Zim needs 450 megawatts of imports to fill energy gap: Magombo

Energy ministry secretary Gloria Magombo

GOVERNMENT says the country requires energy imports of between 200 megawatts (MW) and 450MW daily from regional utilities to meet its power deficit.

Zimbabwe has been reeling under rolling power cuts since the start of winter in May. Some of the country’s ageing power plants are being repaired and the rest are struggling to cope with growing demand, Energy ministry secretary Gloria Magombo said.

“Zimbabwe imports electricity from regional utilities (Eskom of South Africa, HCB of Mozambique and Zesco of Zambia) to augment its internal generation capacity. With a maximum demand of between 1700MW to 1850MW against an internal generation capacity of 1400MW, the country imports between 200MW and 450MW to meet this deficit.

“The imports are, however, on a firm and non-firm basis and also depend on the level of internal systems demand and status/availability of generation units especially at Hwange Power Station.”

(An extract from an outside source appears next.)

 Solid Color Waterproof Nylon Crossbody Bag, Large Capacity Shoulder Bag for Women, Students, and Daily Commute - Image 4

 Magombo said the electricity challenges that Zimbabwe is facing were a result of many factors, including delayed commissioning of new generation capacity especially at Hwange due to COVID-19 disruption of supply chains, failure to maintain and rehabilitate existing infrastructure and failure to attract significant investments through the private sector due to perceived high-country risk.

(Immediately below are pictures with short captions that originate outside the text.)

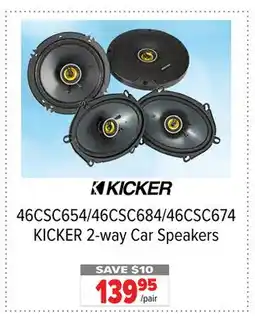 2001 Audio Video 46CSC654/46CSC684/46CSC674 KICKER 2-way Car Speakers offer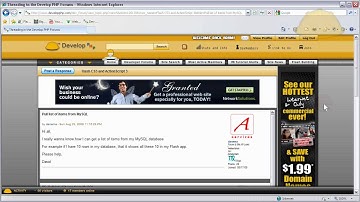 Flash PHP MySQL Tutorial: Data Feed Loop Result HTML Rendering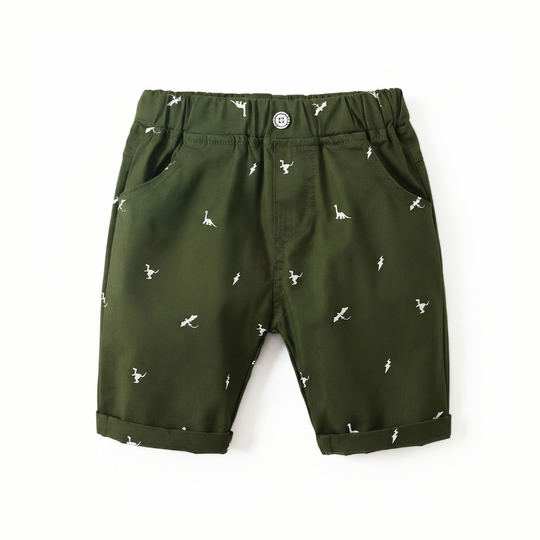 DinoBreeze – Korte Kinderbroek met Dino Print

This has resulted in frequent and unpredictable plant failures especially at Hwange Power Station.

She said during off-peak periods when demand is low, some units at Kariba Power Station (peaking power plant) are shut down and at that time no imports will be required.

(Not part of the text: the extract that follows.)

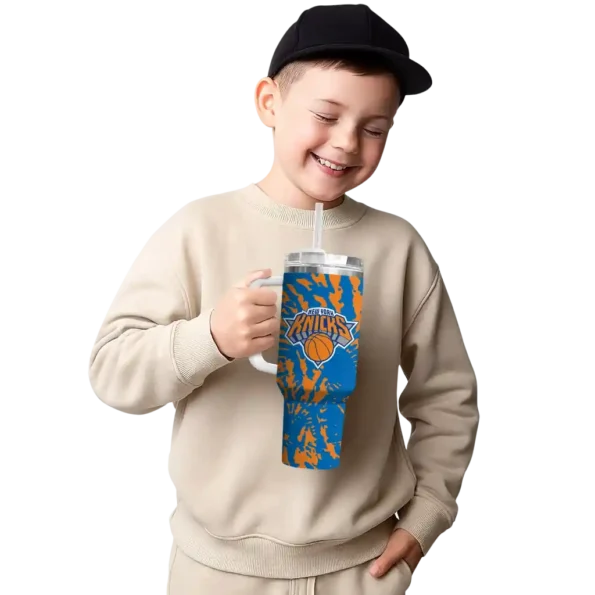 customized new york knicks burst swirl blue curved tumbler latest model 1.webp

An additional capacity has been developed by Zimbabwe through private sector investments including 50MW from the ZZEE (Zimbabwe Zongxin Electric Energy Company) in Hwange, Padenga 1,2MW in Kariba, Centragrid 2MW in Nyabira, Solgas 5MW solar power plant at Cross Mabale, Riverside 2,5MW in Mutoko and  4,4MW in Tanganda to mention a few.

Meanwhile, a combined capacity of over 10-15MW solar power has been established by various companies connected to the national grid for own consumption through rooftops and ground mounted systems, with beverage manufacturer Schweppes having the biggest rooftop at 1MW.

However, Magombo said the electricity shortage confronting the country presented investment opportunities for local and foreign companies, adding that Zimbabwean investors should capitalise on the deficit to invest in power projects.

“We have a lot of investors who want to come into the sector as Zimbabwe is open for business,” Magombo said.

“The fact that we have a supply-demand deficit presents a huge opportunity for investments. We are also open to innovative solutions to meet our demand. We believe that over and above external investors, we should urge local investors, including pension funds and insurance companies to invest in the energy sector.”

She said the number of energy projects licensed by the Zimbabwe Energy Regulatory Authority demonstrated the appetite investors have for the power sector.